Chłopiec krzyczał, iż w trumnie leży nie jego matka: najpierw wszyscy myśleli, iż to przez żal, aż w końcu otworzyli trumnę

newskey24.com 1 tydzień temu

Tamten dzień spowijała szara mgła, jakby sama natura okazywała żal. Ludzie w czerni gromadzili się w kościele, cicho wspominając dobrą, pełną światła kobietę, którą miano dziś pożegnać. Mówiono, iż odeszła zbyt wcześnie, zostawiając męża i czteroletniego syna.
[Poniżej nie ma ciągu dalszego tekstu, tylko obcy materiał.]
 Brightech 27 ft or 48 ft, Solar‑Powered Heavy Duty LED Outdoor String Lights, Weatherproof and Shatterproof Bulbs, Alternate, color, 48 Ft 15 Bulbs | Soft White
Chłopiec krzyczał, iż w trumnie nie leży jego matka: początkowo wszyscy myśleli, iż to przez żal, dopóki nie otworzono trumny.
Stał obok ojca, ściskając pluszowego zająca. Jego wargi drżały, ale nie płakał ksiądz nie poprosił jeszcze o pożegnanie. Nagle chłopiec wybuchnął płaczem i, wyrywając się z rąk ojca, krzyknął wniebogłosy:
To nie mama! Moja mama nie jest tutaj! Ona tam nie jest! Tato, nie pozwól! Zabierz mnie do mamy!
Najpierw uznali, iż to tylko dziecięcy ból, reakcja na śmierć, której nie rozumie. ale chłopiec szlochał dalej, wpadał w histerię, chwytając drewnianą trumnę:
To nie ona! To nie jej twarz! To nie mama!
Ludzie zaczęli spoglądać po sobie. Ojciec zbladł, jakby rażony piorunem. Coś w tonie syna ścisnęło mu serce. Powstrzymując przerażenie, uniósł dłoń i ochrypłym głosem poprosił o przerwanie ceremonii.
Otwórzcie wyszeptał ledwie słyszalnie. Otwórzcie trumnę.
Pracownicy spojrzeli na niego nieufnie, ale widząc jego twarz, usłuchali. Wieko uniosło się powoli. I wtedy ujrzeli coś przerażającego i niespodziewanego.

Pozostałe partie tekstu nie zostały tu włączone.